Sebenarnya kasus FFP yang melanda Barca saat ini, sudah terjadi sejak masa kepresidenan Josep Maria Bartomeu pada kurung waktu 2014-2020 yang memberikan kontrak yang sangat tinggi pada hampir semua pemain Barca.
Philippe Couthino dan Ousmane Dembele adalah contoh dua pemain hasil rekrutannya yang dibandrol dengan harga tinggi di masa kepemimpinannya.
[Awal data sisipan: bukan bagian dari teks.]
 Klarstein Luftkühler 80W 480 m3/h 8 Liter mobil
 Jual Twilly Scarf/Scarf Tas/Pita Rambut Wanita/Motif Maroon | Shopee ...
Hengkangnya Lionel Messi pada 2021 ke PSG juga adalah buah dari lebihnya ambang batas FFP tersebut.
Bagi saya dan juga Cullers lainnya, hal ini adalah realitas pahit yang menunjukkan bahwa kesalahan pengelolaan finansial di masa lalu akan menjadi faktor yang akan mengoyahkan kestabilan di masa depan.
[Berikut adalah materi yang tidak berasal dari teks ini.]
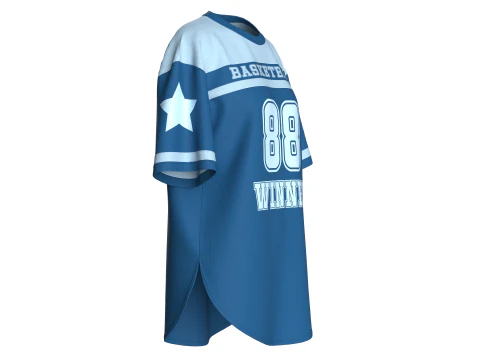 Girls Oversized Basketball T-Shirt-MeshV2 3D Model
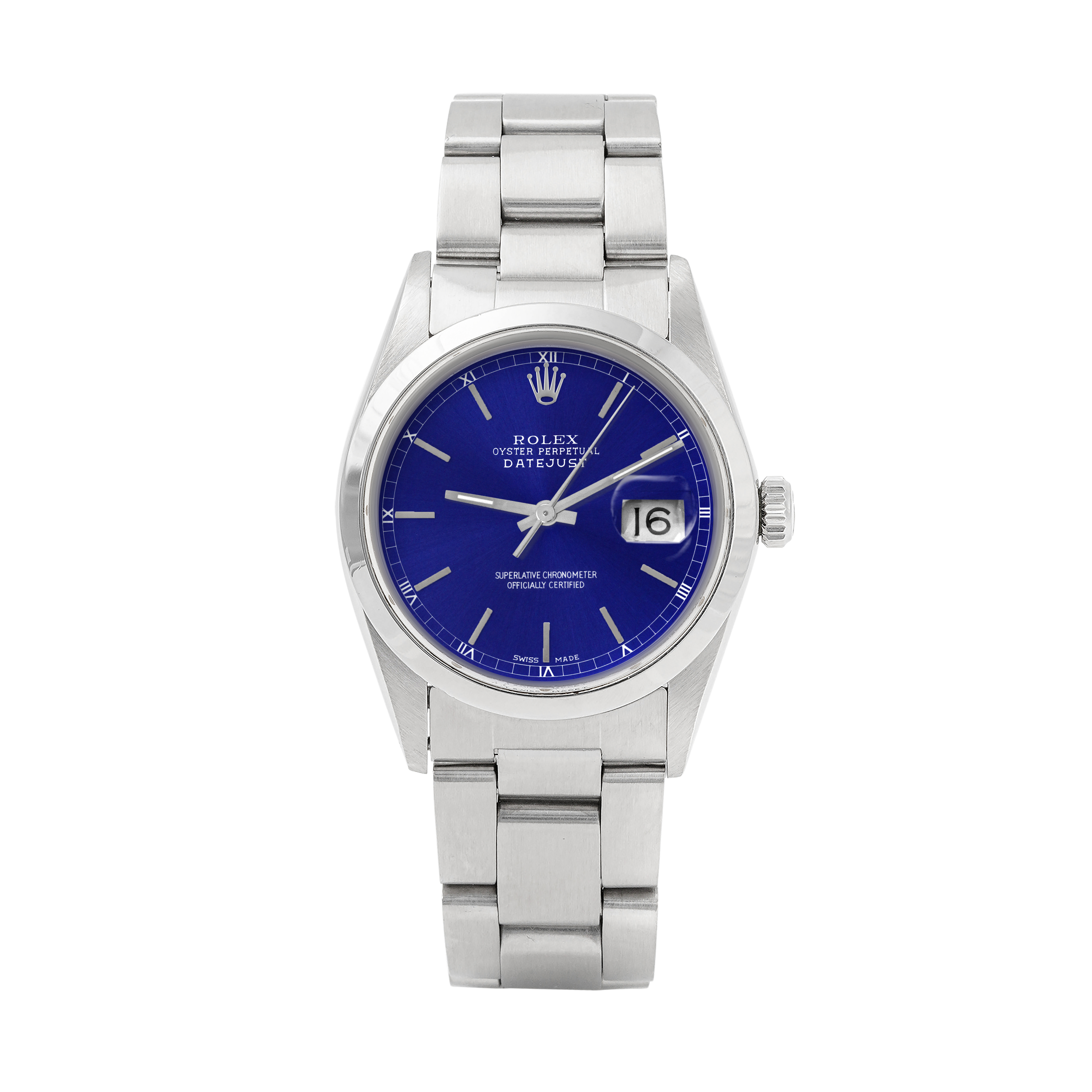 Rolex Datejust 36mm STAINLESS STEEL 16200 Blue  Dial | Stick Hour Markers | Smooth  Bezel
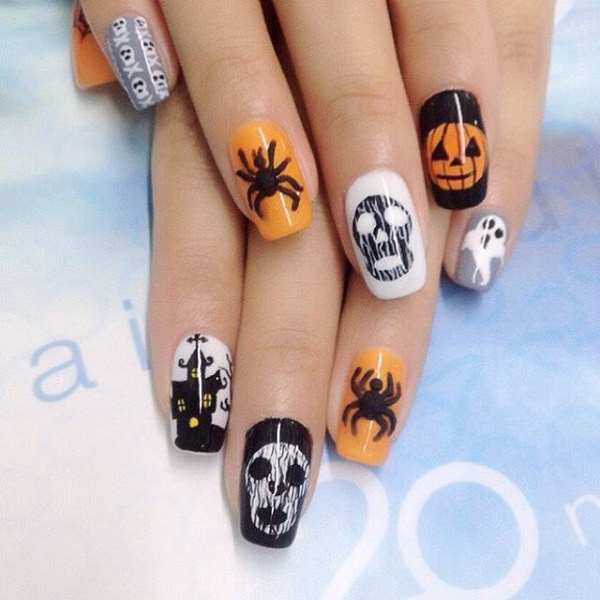 Skeletons, Spiders and Jack O Lantern Halloween Nails. 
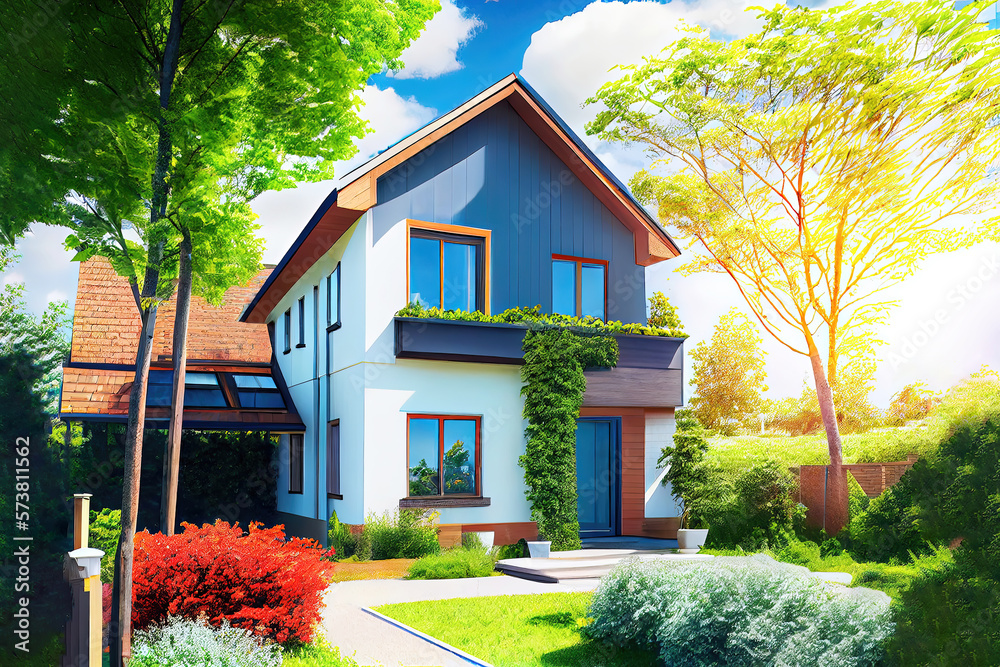 Illustration of modern German detached house with beautiful garden ...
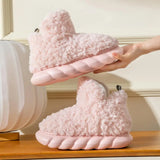 Women's Solid Color Fuzzy Boots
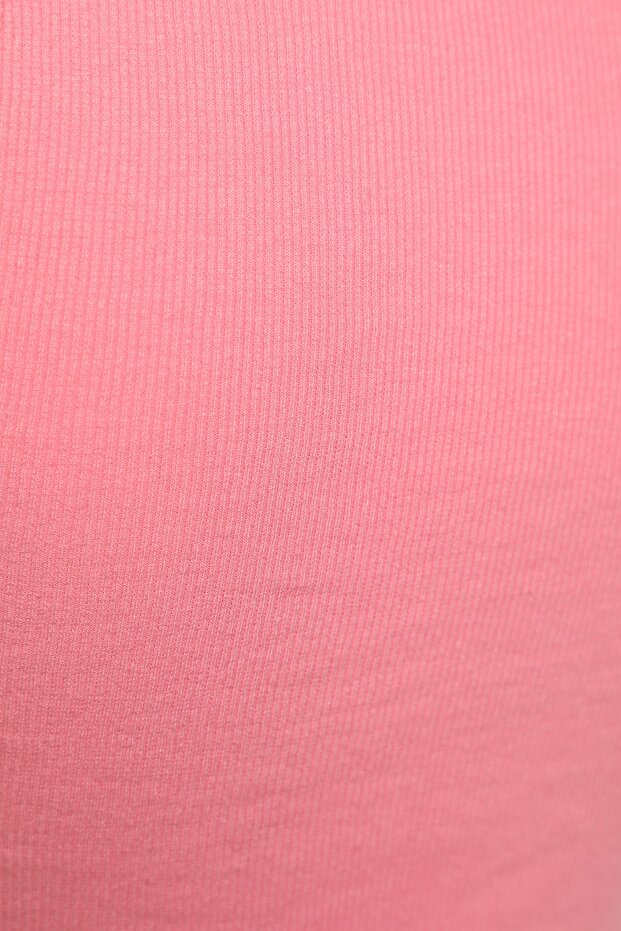 Pembe Asimetrik Super Crop Fitilli Esnek Örme Atlet TWOSS22AL0065 - 6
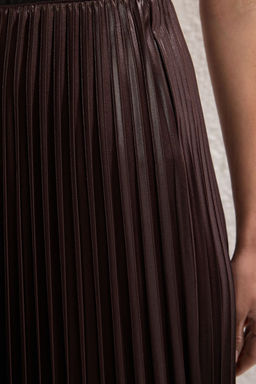 Kahverengi*001 Duz Klos Piliseli Maxi Etek TWOSS24ET00041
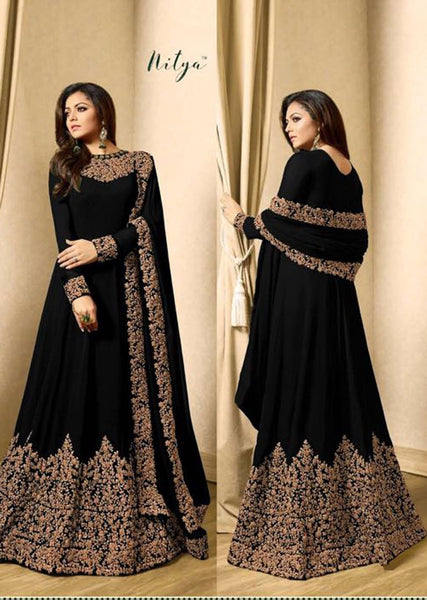 BLACK WEDDING WEAR FLOOR LENGTH ANARKALI SUIT - Asian Party Wear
Saya mengenal sejarah Blaugrana yang pernah mengalami masa-masa kejayaanya dengan sumber daya tak terbatas, baik finansial maupun materi pemainnya.
Tapi, kini harus menghadapi kenyataan baru yang jauh lebih menantang. Kendala ini tidak hanya berdampak pada strategi transfer, tetapi juga memengaruhi citra klub di mata dunia.
Bahkan slogan mes que un club saat ini sering diplesetkan sebagai ‘miskiunklub’. Padahal dulunya slogan tersebut menjadi daya tarik Barcelona dan simbol perjuangan Catalan pada rezim Franco.
Memikirkan masa lalu adalah hal yang mustahil untuk diubah, untungnya saat ini di tengah keterbatasan, Barcelona memiliki kekuatan: La Masia.
Akademi ini telah lama menjadi tempat lahirnya talenta-talenta terbaik dunia, dari Lionel Messi hingga saat ini Gavi dan beberapa nama legenda lainnya.
Bagi saya, La Masia bukan hanya simbol kerja keras dan dedikasi, tetapi juga sebuah pengingat bahwa sepak bola sejati dibangun dari akar, bukan hanya dari tumpukan uang, investasi dari dalam yang lebih bermutu.
Saya akui bahwa generasi muda yang dilahirkan di akademi ini membawa harapan dan kebanggaan yang sulit ditandingi.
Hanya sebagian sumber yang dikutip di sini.